Tomasz Graban jest rodowitym Kociewiakiem, ale sercem obywatelem Jury Krakowsko-Wieluńskiej. Od ponad trzydziestu lat bezgraniczną miłością darzy jaskinie. Opowiada o tym w swojej książce „Zamknięty Świat”.
– Kiedy podzieliłem się z żoną pomysłem wydania książki o mojej pasji, postawiła mi tylko jeden warunek: „To musi być napisane prostym, jasnym językiem. Tak, żeby czytelnicy mogli wszystko zrozumieć”. Starałem się ten warunek spełnić. Tekst jest chyba przyswajalny, zawiera między innymi anegdoty i wspomnienia jak w Polsce wyglądało uprawianie sportów ekstremalnych 30 lat temu. Wyjaśniam też źródła swojej pasji i ewolucji mojej postawy wobec natury – mówił Tomasz Graban podczas spotkania autorskiego w Miejskiej Bibliotece Publicznej.

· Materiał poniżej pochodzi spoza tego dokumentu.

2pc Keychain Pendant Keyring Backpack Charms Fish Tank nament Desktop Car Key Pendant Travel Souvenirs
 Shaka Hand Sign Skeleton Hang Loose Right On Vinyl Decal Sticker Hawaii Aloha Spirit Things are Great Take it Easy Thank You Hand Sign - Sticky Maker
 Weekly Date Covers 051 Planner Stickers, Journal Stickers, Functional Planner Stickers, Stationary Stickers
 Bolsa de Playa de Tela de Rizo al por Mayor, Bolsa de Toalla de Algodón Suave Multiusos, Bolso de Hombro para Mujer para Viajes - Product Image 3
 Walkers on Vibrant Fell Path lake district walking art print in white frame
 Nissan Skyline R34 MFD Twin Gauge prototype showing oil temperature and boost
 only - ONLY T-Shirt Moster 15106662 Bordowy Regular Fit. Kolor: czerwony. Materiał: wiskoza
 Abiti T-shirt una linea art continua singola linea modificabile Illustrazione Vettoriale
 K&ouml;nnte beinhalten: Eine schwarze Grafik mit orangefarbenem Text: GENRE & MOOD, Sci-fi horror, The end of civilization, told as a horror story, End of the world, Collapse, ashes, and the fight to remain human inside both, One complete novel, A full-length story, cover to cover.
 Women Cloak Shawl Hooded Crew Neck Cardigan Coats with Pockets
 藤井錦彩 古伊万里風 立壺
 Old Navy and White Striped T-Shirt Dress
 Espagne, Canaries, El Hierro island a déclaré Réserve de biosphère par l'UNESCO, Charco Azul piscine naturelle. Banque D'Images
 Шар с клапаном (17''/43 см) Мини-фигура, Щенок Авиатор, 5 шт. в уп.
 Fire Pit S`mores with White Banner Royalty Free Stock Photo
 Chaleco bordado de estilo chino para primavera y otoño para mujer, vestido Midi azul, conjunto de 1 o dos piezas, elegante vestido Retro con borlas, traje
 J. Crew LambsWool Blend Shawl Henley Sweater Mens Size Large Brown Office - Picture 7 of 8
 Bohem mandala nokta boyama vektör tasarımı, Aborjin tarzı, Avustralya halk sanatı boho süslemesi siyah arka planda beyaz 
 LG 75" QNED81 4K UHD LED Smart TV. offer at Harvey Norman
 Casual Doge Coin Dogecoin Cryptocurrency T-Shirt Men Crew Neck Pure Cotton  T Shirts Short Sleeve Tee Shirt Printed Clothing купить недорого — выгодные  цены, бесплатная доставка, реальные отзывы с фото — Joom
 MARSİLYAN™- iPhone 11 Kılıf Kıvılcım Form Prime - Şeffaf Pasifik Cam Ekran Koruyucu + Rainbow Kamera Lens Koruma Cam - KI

Pierwszą czytelniczką, a przy okazji recenzentką „Zamkniętego Świata” była oczywiście żona pana Tomka, Beata Graban. Autor o opinię poprosił także młodego pisarza Kornela Machnikowskiego. –Czasami, żeby lepiej zrozumieć swoje otoczenie, dobrze jest je odnieść do czegoś zupełnie dla nas nieznanego. Właśnie ta książka umożliwiła mi złapanie niecodziennej, podziemnej, tajemniczej i pełnej życiowej mądrości perspektywy. Tomku, gratuluję. Jeszcze raz dziękuję za zaszczyt przedpremierowej lektury – powiedział Kornel Machnikowski.
Niewątpliwą atrakcją „Zamkniętego Świata” są efektowne i unikatowe fotografie, zawarte nie tylko w części albumowej książki, opatrzone bardzo przystępnym, czasami humorystycznym opisem z odrobiną teorii. – To wszystko nie udałoby się bez Lecha Zdrojewskiego, któremu z tego miejsca bardzo dziękuję. To on, przez cały czas pracy nad książką, motywował mnie do robienia coraz lepszych zdjęć. Wiele mnie w tej dziedzinie nauczył – mówił Tomasz Graban.
Autor książki swoją pasją potrafił zarazić całą swoją rodzinę. Być może uda mu się zaszczepić ją też w czytelnikach „Zamkniętego Świata”. Pan Tomasz ma dar przekonywania, więc jest to bardzo prawdopodobne.